I have found that piece of code on blackfin533, which has fract32 which is from -1, 1, its in the format 1.31.

I can't get why the pre-shifting is required for calculating the amplitude of a complex number (re, img). I know if you want to multiply 1.31 by 1.31 fractional format then you need to shift right 31 bits.

GO_coil_D[0].re, and GO_coil_D[0].im are two fract32.

I can't get what the following code is doing :

 norm[0] = norm_fr1x32(GO_coil_D[0].re);
 norm[1] = norm_fr1x32(GO_coil_D[0].im);
 shift = (norm[0] < norm[1]) ? (norm[0] - 1) : (norm[1] - 1);
 vectorFundamentalStored.im = shl_fr1x32(GO_coil_D[0].im,shift);     
 vectorFundamentalStored.re = shl_fr1x32(GO_coil_D[0].re,shift);
 vectorFundamentalStored.im = mult_fr1x32x32(vectorFundamentalStored.im, vectorFundamentalStored.im);
 vectorFundamentalStored.re = mult_fr1x32x32(vectorFundamentalStored.re, vectorFundamentalStored.re);  
 amplitudeFundamentalStored = sqrt_fr16(round_fr1x32(add_fr1x32(vectorFundamentalStored.re,vectorFundamentalStored.im))) << 16;
 amplitudeFundamentalStored = shr_fr1x32(amplitudeFundamentalStored,shift);

round_fr1x32` (fract32 f1) fract16 Rounds the 32-bit fract to a 16-bit fract using biased rounding.

norm_fr1x32 norm_fr1x32 (fract32) int Returns the number of left shifts required to normalize the input variable so that it is either in the interval 0x40000000 to 0x7fffffff, or in the interval 0x80000000 to 0xc0000000. In other words, fract32 x; shl_fr1x32(x,norm_fr1x32(x)); returns a value in the range 0x40000000 to 0x7fffffff, or in the range 0x80000000 to 0xc0000000

Answer 1

1) If the most significant n bits of the fractional part are all '0' bits, and they are followed by a '1' bit, then n behaves like a floating point binary exponent of value n, and the remaining 31-n bits behave like the mantissa. Squaring the number doubles the number of leading '0' bits to 2*n and reduces the size of the mantissa to 31-2*n bits. This can lead to a loss of precision in the result of the squaring operation.

2) round_fr1x32 converts the 1.31 fraction to a 1.15 fraction, losing up to 16 more bits of precision.

Hopefully you can see that steps 1 and 2 can remove a lot of precision in the number. Pre-scaling the number reduces the number of leading '0' bits n as much as possible, resulting in less precision being lost at step 1. In fact, for one of the two numbers being squared and added, the number of leading '0' bits n will be zero, so squaring that number will still leave up to 31 bits of precision before it is added to the other number. (Step 2 will reduce that precision to 15 bits.)

Lastly, you are wrong about the result of multiplying two 1.31 fraction format numbers - the result needs to be shifted right by 31 bits, not 62 bits.

Worked example:

Let's say the real part is 3/1024 and the imaginary part is 4/1024 in decimal, so the absolute value should be 5/1024 by pythagoras.

With no pre-scaling, the binary fractions are re=0.0000000011₂, im=0.0000000100₂. Squaring them gives re²=0.00000000000000001001₂, im²=0.00000000000000010000₂. Adding the squares gives abs²=0.00000000000000011001₂. Rounding to 15 fractional bits gives abs²=0.000000000000001₂. Taking the square root gives abs=0.000000010110101₂. This differs from the exact result 0.0000000101₂ by 0.000000000010101₂.
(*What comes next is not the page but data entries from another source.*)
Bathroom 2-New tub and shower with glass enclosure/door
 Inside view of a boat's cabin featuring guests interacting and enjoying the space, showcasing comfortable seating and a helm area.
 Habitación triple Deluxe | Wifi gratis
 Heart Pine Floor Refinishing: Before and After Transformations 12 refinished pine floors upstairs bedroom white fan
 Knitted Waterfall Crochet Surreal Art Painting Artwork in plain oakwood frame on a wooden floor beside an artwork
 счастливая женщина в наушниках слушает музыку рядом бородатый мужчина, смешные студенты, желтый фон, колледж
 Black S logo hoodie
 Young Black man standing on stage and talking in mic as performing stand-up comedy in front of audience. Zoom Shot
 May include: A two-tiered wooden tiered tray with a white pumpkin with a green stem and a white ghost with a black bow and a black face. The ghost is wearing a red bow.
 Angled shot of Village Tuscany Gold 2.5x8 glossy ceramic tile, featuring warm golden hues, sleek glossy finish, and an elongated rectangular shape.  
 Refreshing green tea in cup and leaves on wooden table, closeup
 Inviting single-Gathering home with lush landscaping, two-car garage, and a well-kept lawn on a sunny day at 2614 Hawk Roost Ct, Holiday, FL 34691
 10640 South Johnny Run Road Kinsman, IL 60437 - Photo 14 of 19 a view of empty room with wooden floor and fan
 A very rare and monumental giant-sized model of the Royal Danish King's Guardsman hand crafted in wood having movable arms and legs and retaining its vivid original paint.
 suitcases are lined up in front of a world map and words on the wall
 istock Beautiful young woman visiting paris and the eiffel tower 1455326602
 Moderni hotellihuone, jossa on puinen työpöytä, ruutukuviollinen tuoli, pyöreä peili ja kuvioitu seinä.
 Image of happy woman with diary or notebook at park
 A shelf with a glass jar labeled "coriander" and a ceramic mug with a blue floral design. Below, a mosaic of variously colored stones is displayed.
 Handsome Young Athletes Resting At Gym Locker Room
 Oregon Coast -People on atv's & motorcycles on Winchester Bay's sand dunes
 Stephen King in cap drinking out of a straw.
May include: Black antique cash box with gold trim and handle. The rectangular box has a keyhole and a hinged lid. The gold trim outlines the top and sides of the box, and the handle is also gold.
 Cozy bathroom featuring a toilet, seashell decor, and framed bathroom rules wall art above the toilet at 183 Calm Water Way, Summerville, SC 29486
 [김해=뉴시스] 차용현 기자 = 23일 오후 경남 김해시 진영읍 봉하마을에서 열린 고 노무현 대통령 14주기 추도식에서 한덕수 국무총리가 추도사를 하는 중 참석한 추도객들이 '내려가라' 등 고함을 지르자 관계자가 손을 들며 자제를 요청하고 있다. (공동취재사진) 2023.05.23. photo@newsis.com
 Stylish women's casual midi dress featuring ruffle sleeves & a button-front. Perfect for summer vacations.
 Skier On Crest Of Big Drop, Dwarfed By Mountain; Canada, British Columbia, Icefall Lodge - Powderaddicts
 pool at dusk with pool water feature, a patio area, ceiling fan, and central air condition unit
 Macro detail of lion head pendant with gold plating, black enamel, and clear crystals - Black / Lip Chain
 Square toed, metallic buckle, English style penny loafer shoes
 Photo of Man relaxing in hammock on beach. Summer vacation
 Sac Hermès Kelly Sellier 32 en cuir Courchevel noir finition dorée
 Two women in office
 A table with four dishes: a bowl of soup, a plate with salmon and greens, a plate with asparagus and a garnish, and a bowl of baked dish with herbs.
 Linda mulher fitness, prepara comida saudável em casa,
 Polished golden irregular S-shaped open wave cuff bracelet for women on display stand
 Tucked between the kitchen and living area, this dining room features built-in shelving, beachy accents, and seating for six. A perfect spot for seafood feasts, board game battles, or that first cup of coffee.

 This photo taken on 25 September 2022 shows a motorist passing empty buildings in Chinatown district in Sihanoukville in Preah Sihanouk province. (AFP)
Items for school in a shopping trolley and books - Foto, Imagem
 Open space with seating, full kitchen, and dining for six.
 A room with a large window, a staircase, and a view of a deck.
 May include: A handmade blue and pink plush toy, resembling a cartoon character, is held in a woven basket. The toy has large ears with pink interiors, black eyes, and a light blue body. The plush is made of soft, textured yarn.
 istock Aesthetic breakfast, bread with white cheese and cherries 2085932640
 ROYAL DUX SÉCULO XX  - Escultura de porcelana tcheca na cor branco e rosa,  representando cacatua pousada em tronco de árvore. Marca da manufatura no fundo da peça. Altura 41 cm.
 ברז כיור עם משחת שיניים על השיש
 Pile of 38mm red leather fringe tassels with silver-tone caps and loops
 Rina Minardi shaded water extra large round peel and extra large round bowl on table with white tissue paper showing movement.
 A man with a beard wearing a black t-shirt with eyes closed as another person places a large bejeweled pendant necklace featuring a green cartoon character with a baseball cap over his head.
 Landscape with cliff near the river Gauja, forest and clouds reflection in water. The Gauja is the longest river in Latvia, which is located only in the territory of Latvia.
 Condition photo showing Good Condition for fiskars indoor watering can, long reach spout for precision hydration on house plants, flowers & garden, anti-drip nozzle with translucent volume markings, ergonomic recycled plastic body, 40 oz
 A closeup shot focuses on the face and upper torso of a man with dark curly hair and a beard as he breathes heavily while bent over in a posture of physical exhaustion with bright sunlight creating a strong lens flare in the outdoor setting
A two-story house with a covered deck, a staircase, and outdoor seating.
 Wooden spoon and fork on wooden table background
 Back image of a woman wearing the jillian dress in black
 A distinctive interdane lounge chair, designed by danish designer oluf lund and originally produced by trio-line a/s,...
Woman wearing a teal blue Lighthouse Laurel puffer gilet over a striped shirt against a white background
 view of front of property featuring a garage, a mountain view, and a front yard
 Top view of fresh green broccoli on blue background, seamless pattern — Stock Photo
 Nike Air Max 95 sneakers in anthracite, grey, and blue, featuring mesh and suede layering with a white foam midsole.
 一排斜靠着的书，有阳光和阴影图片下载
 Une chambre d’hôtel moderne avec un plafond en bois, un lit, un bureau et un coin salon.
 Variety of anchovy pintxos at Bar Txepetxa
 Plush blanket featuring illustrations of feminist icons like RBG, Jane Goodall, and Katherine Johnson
When prescaling, both fractions are shifted left by 6 bits, giving sre=0.0011₂, sim=0.0100₂ (I used the prefix 's' to mean 'scaled'). Squaring them gives sre²=0.00001001₂, sim²=0.00010000₂. Adding the squares gives sabs²=0.00011001₂. Rounding to 15 fractional bits does not change the value. Taking the square root gives sabs=0.01010000₂. Converting that to 1.31 format and shifting right by 6 bits gives abs=0.0000000101₂ which is exactly correct (5/1024 in decimal).